■ **What the task asks**: Below is a listing; retype exactly the line with "Shop Prada Duple" and every line after it through the end, and only those, leaving out the pictures.

Content starts

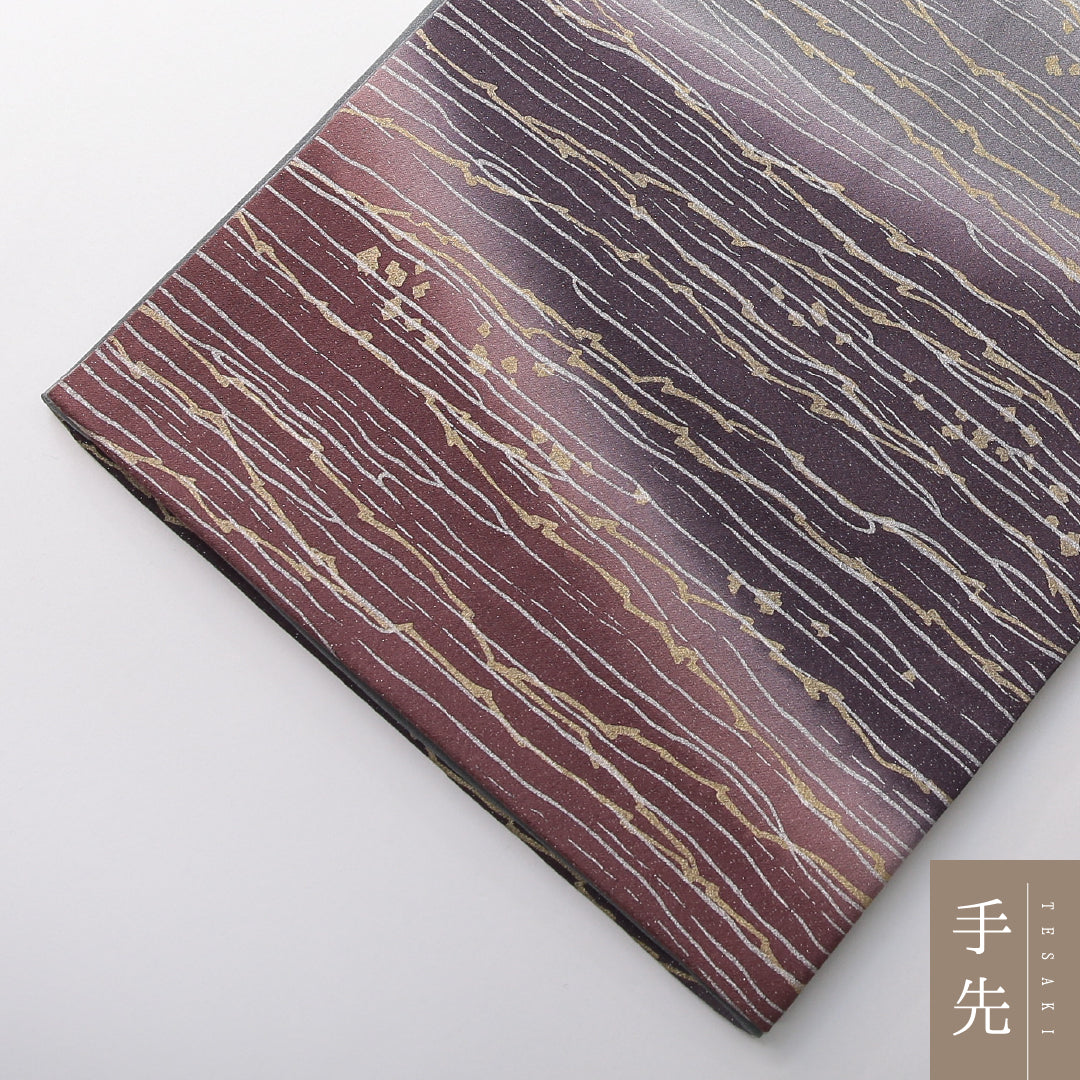 袋帯 帯丈496cm 正絹 全通 染め帯 セミフォーマル 霞 砂子 ガード加工 グレー系 1243-02137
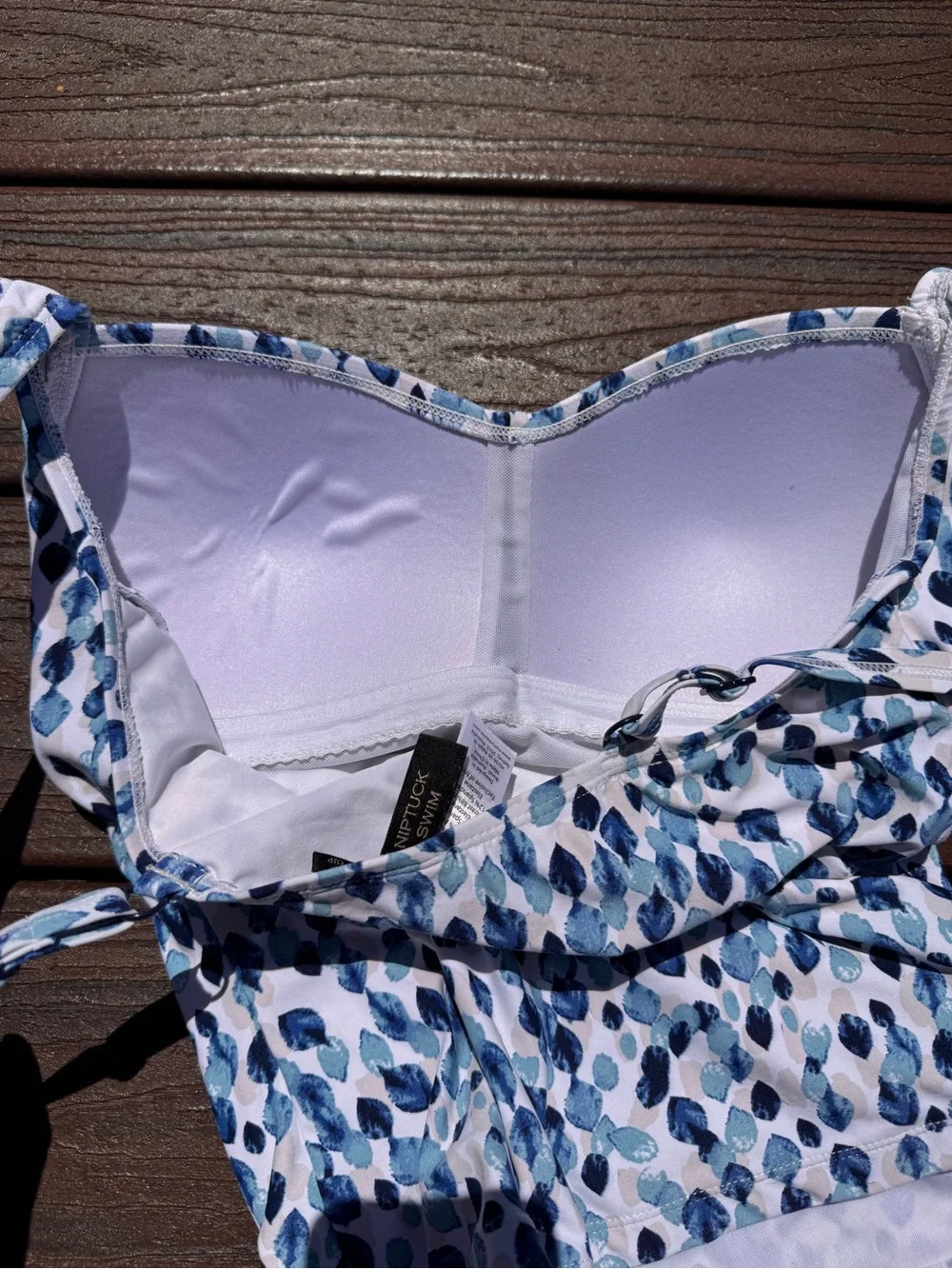 Blue White Nip Tuck Leaf-Print Two-Piece Swim Set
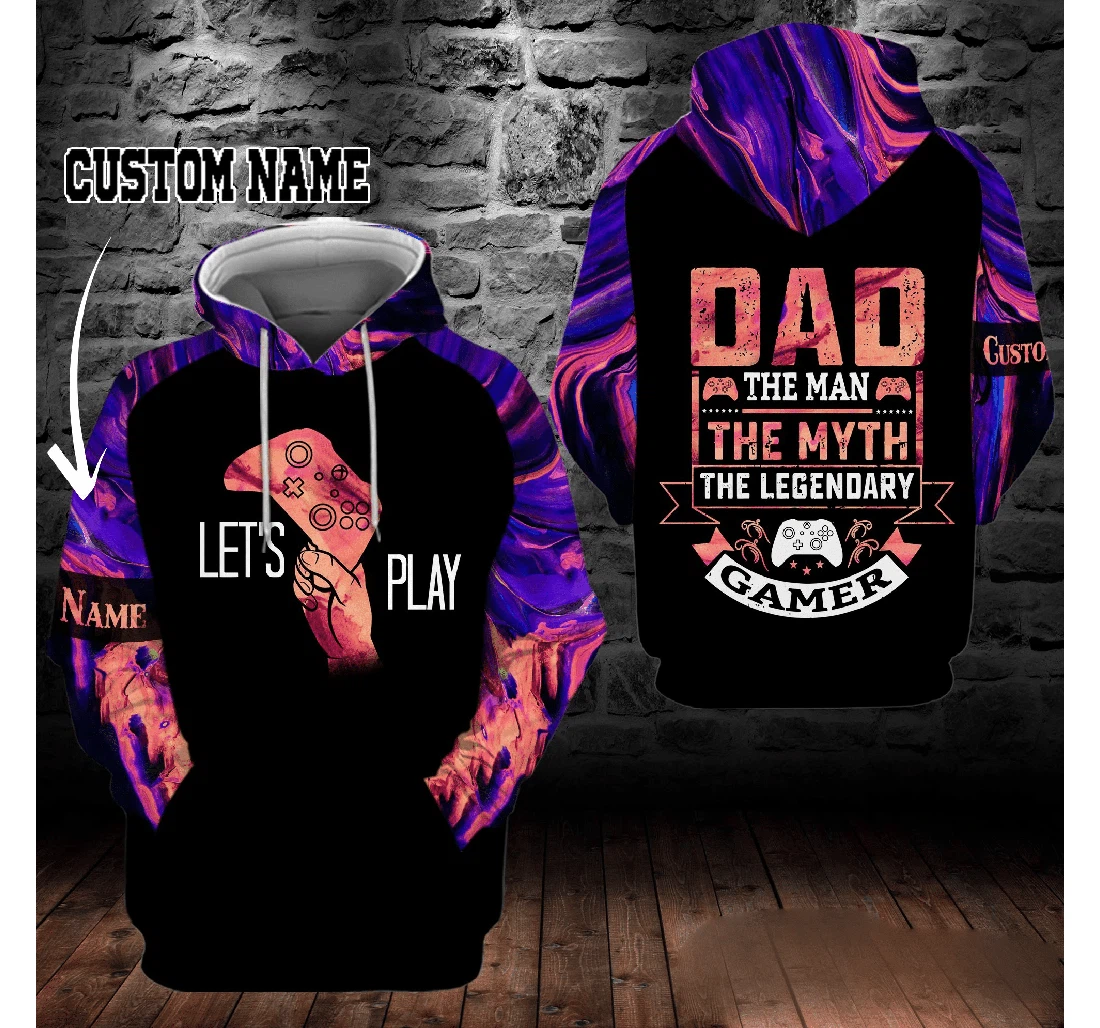 Gift Dad Let's Play Game Dad The Man The Myth Va - 3D Printed Pullover Hoodie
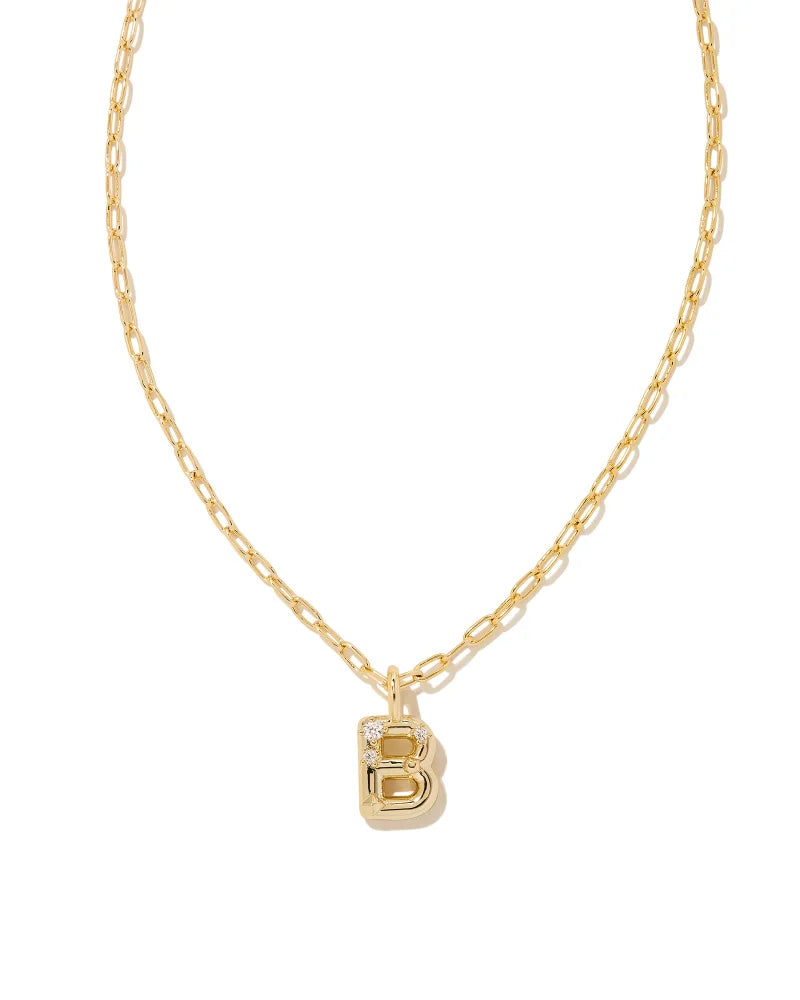 Crystal Letter Necklace - Gold -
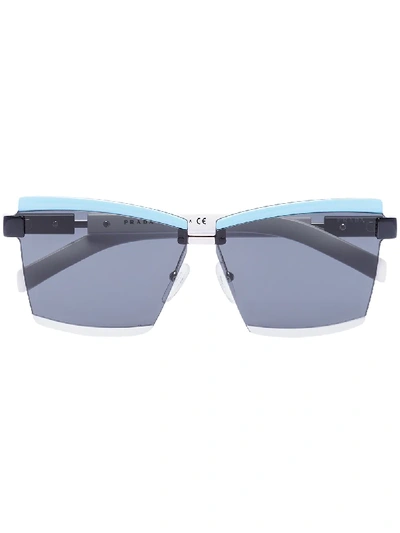 Shop Prada Duple Rectangular-frame Sunglasses In Blue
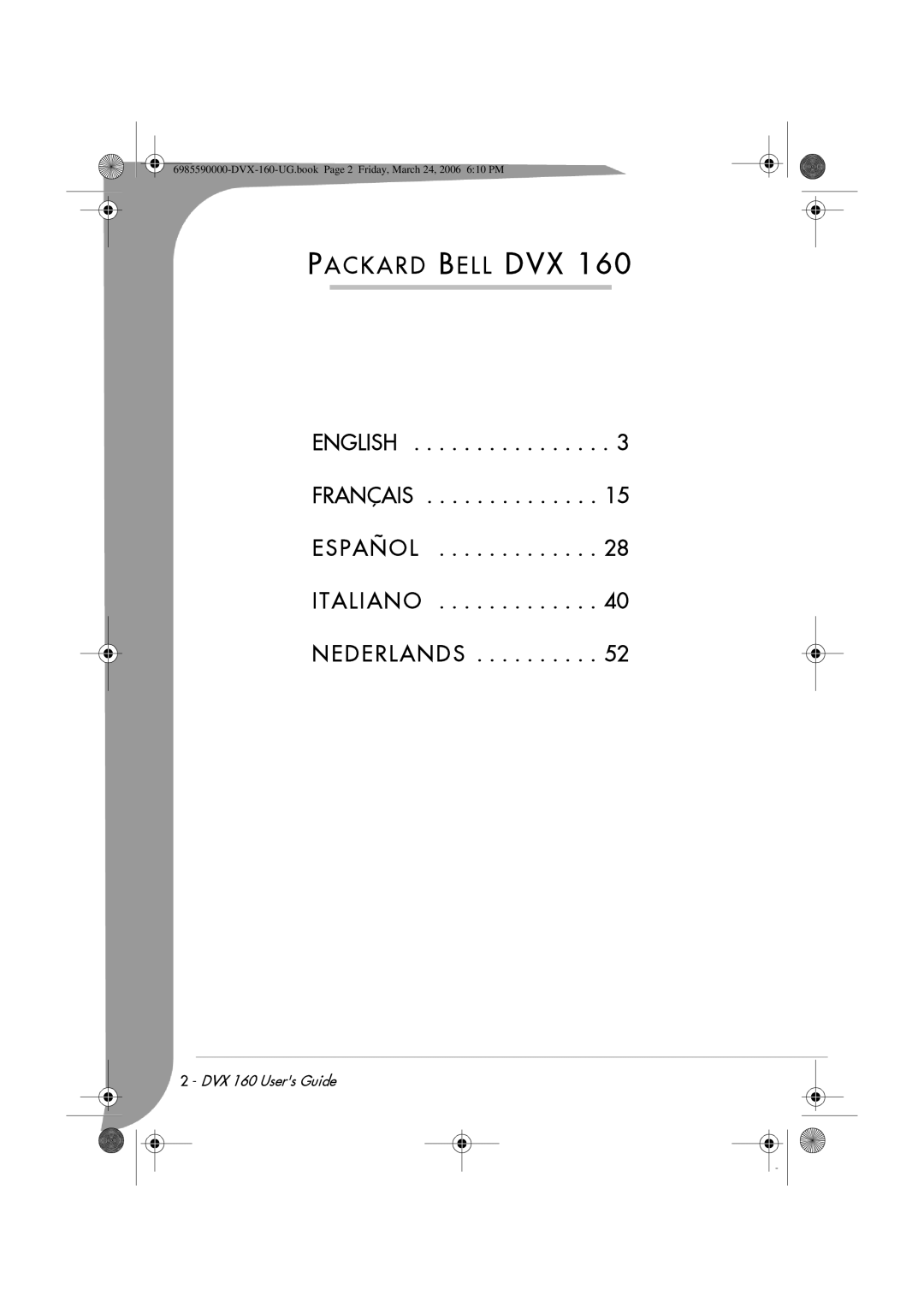 Packard Bell 160 manual PA C K a R D be L L DVX 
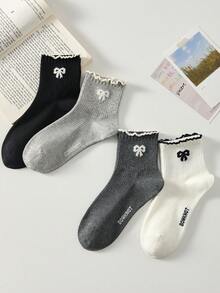 4 đôi tất ngắn nữ màu đen trắng có bèo nhún và nơ, thoáng khí và thoải mái, phù hợp cho mọi mùa. - Đen và trắng - Xem 7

Content ends

■ **Expected answer**:
 Shop Prada Duple Rectangular-frame Sunglasses In Blue
 Packard Bell 160 manual PA C K a R D be L L DVX 
 4 đôi tất ngắn nữ màu đen trắng có bèo nhún và nơ, thoáng khí và thoải mái, phù hợp cho mọi mùa. - Đen và trắng - Xem 7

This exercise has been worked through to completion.